The following “Theoretical Inquiry into Romans 13” has been taken from Eric Voegelin, Hitler and the Germans, translated and edited by Detlev Clemens and Brendan Purcell, University of Missouri Press, 2003, 178-183. This is from a lecture Voegelin gave at the University of Munich in the summer of 1964. I have taken the liberty of breaking up long paragraphs. I’ll share another contrarian interpretation of Romans 13 next week.—Anthony G. Flood
Theoretical Inquiry into Romans
And now, in concluding this investigation on the Evangelical side, a theoretical inquiry into Romans 13 for the Evangelical part, and then for the Catholic part an inquiry into the theological idea of the corpus mysticum Christi, so that the decadence I have repeatedly spoken of will come to light.
In all the documents, Evangelical and Catholic, with which those belonging to the communities were enjoined to obey Hitler, there are two texts from the Bible invoked by the clergy in order to command obedience to the authorities. Among the two, on the Catholic side, in the documents I will present to you next time, the fourth commandment is preferred. That commandment is “Honor your father and your mother.” This father and mother is now interpretatively expanded as “Honor the state, carry out its laws, obey the authorities!”

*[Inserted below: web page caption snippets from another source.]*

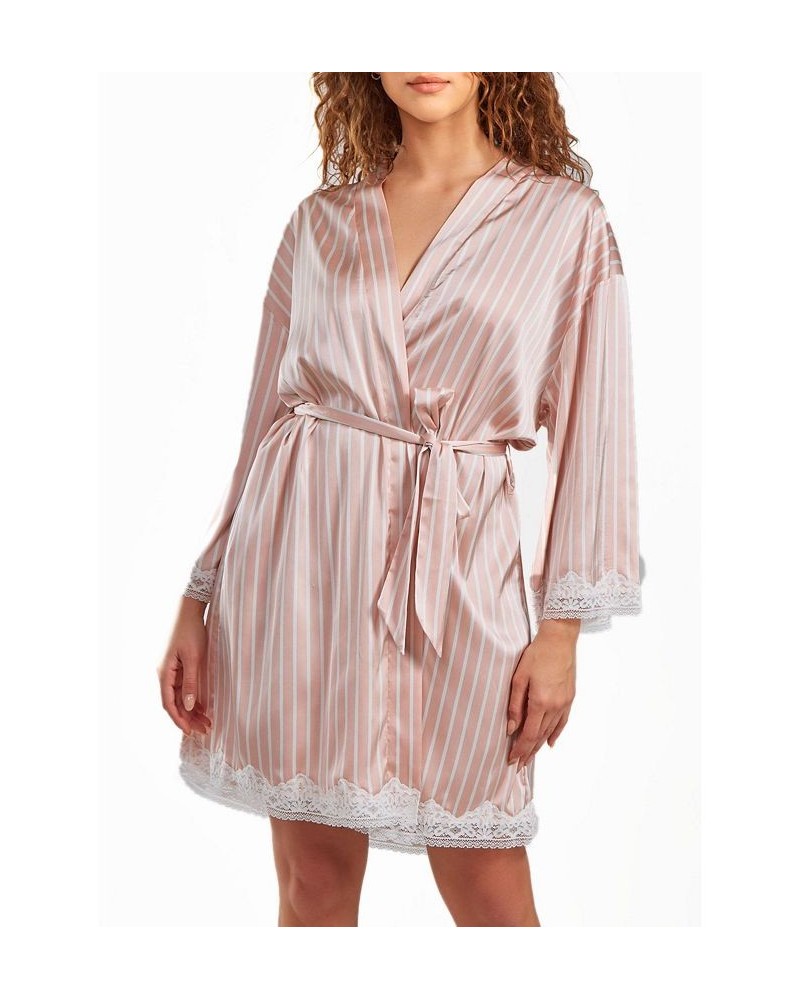 Women's Brillow Satin Striped Robe with Self Tie Sash and Trimmed in Lace Pink $46.20 Sleepwear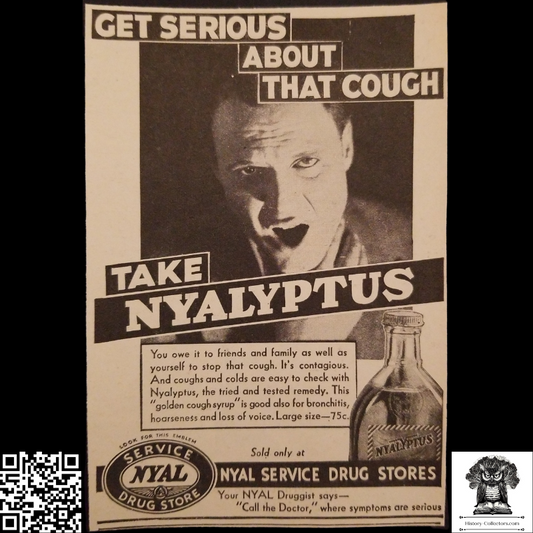 1931 Nyalptus Cough Syrup Print Advertisement Clipping -  Nyal Service Drug Stores - Great Depression Era - Ready For Framing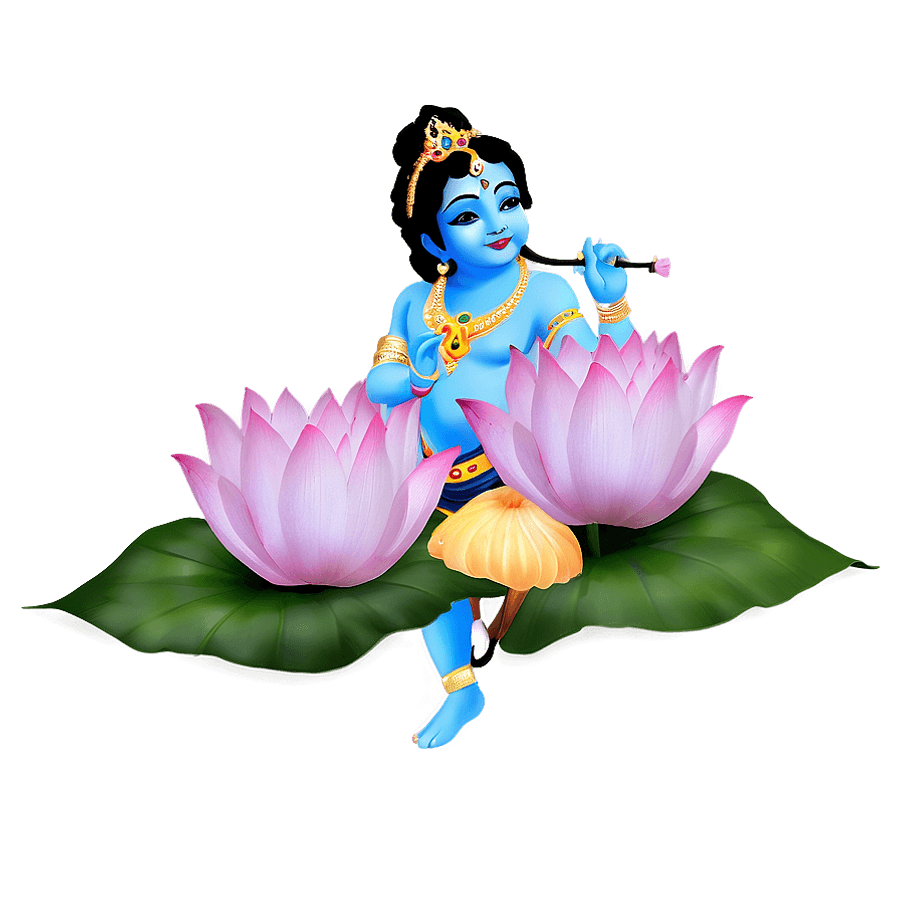 Krishna with Lotus Flower PNG 06232024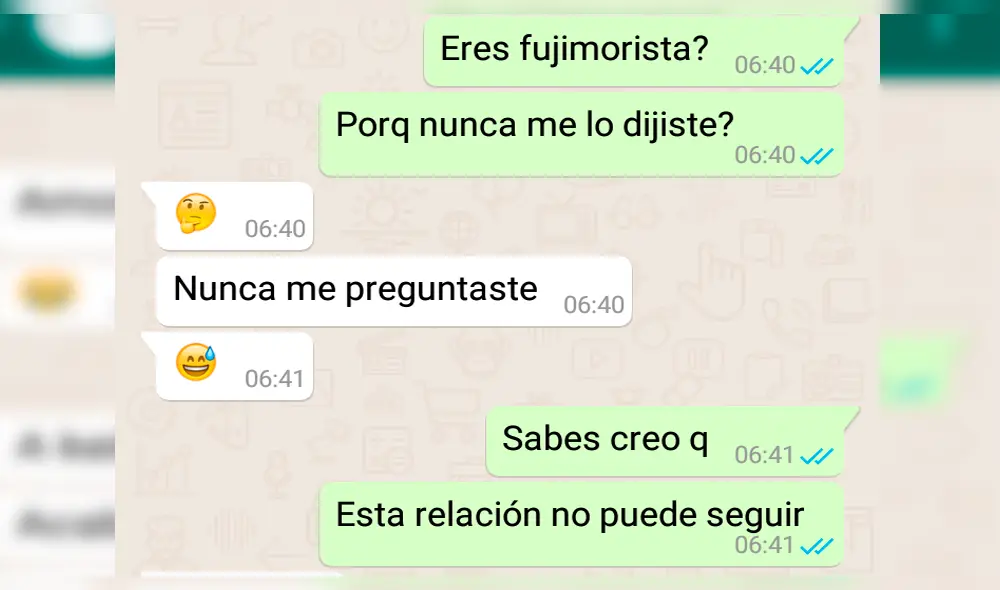 Vía WhatsApp: peruana termina su relación al enterarse que su novio apoya al fujimorismo [FOTOS]
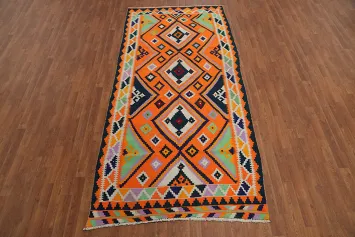 Geometric Kilim Shiraz Persian Runner Rug 4x9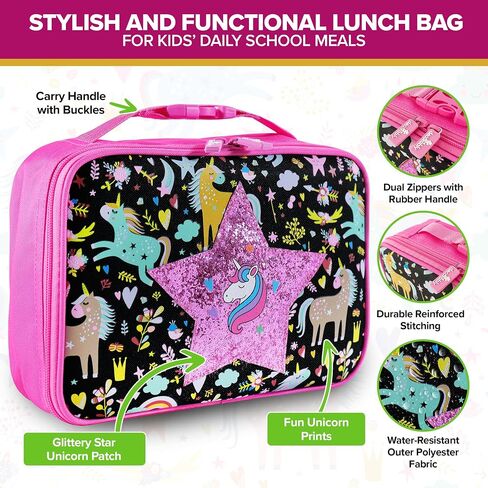 Decorably Insulated Lunch Bag for Kids - Dinosaur Boy Lunch Bag for Kids with Dinosaur Rubber Patch Design, Lunch Bag Kids Small Size, Kids Insulated Lunch Bag Kids, Lunch Box Bag for Boys Lunch Bag in Saudi Arabia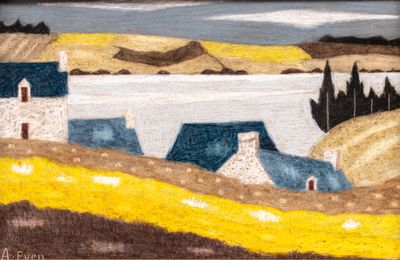 an image of a painting of a landscape with a house and a field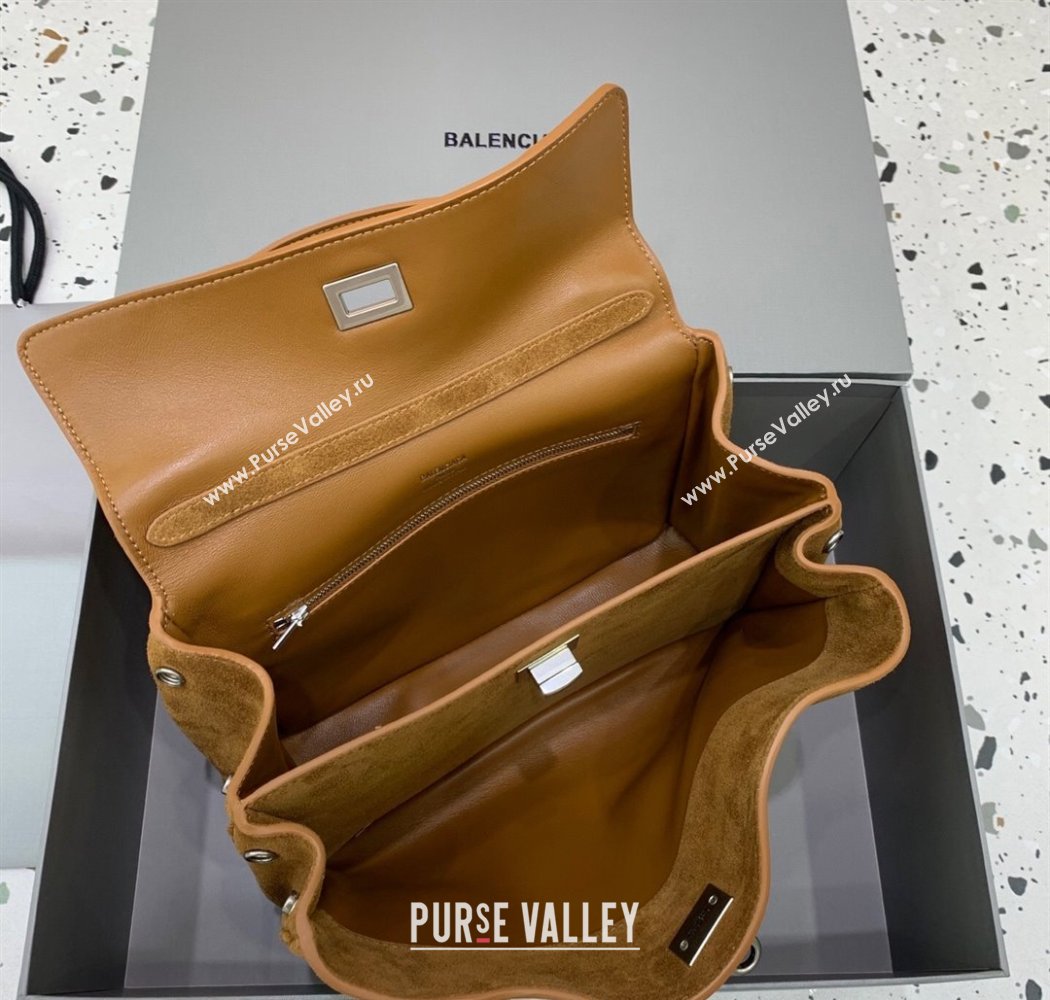 Balenciaga Rodeo Small Handbag in suede, aged-silver hardware Camel Brown 2025 78972 (JM-250926088)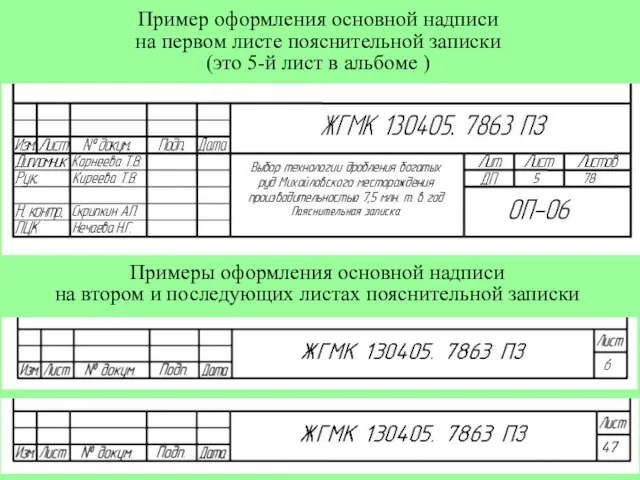 Пример оформления основной надписи на первом листе пояснительной записки (это 5-й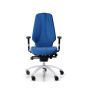 RH Logic 400 High Back Ergonomic Office Chair - royal blue, front view, with armrests and silver aluminium base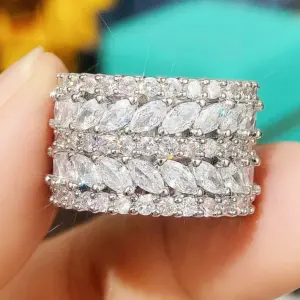 Wholesale Geometric Claw Setting Ring For Women In Copper With White K Water Plating And Zircon Inlay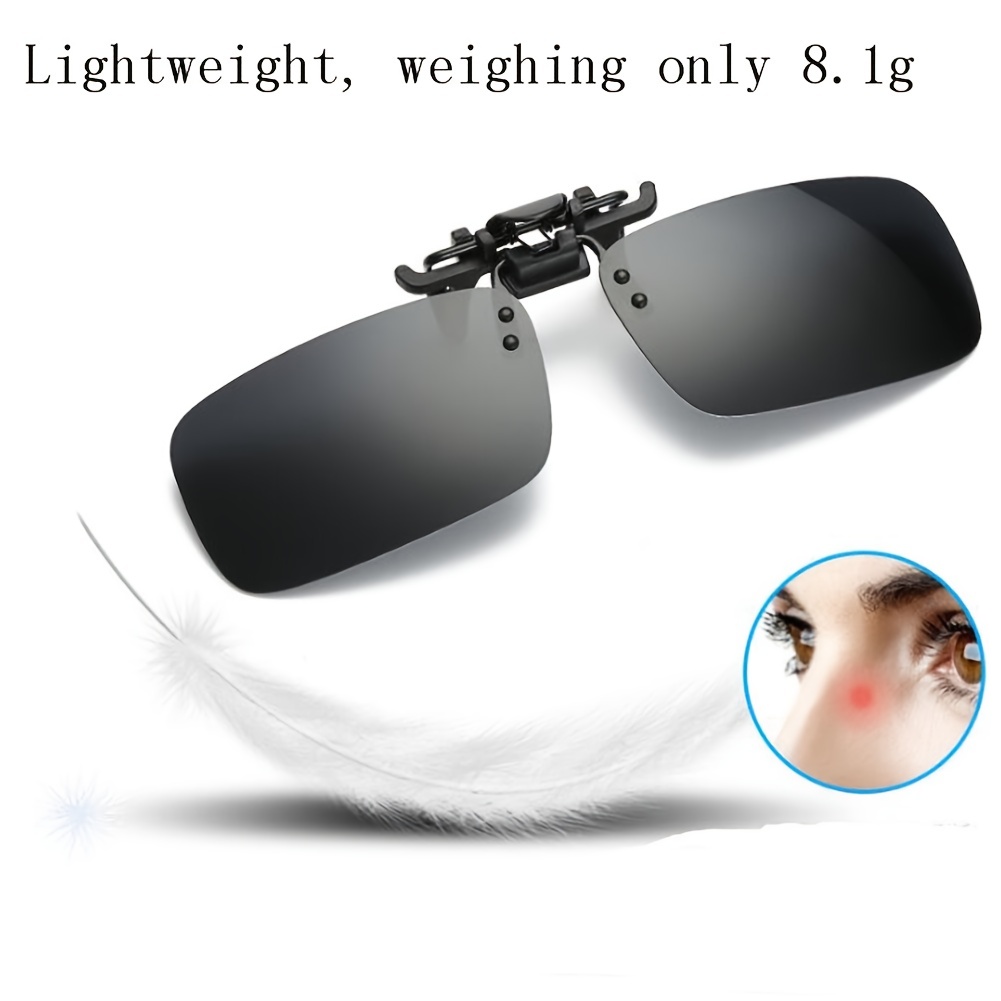 1pc Reversible Polarizing Clip On Sunglasses Anti Glare Driving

Please note that. Not a word of all that is in the fourth commandment—for the good historical reason that precisely in the covenant of Sinai, within which the Decalogue was announced, the people existed under God and not under authorities. There was no occasion for speaking about having to obey any kind of authorities at all. So it is unhistoric and anachronistic, and if such an alteration of an interpretative kind were made to a text in a secular context by a scholar, one would say: Absolutely barefaced falsification of the text! When theologians do it, then it is the church.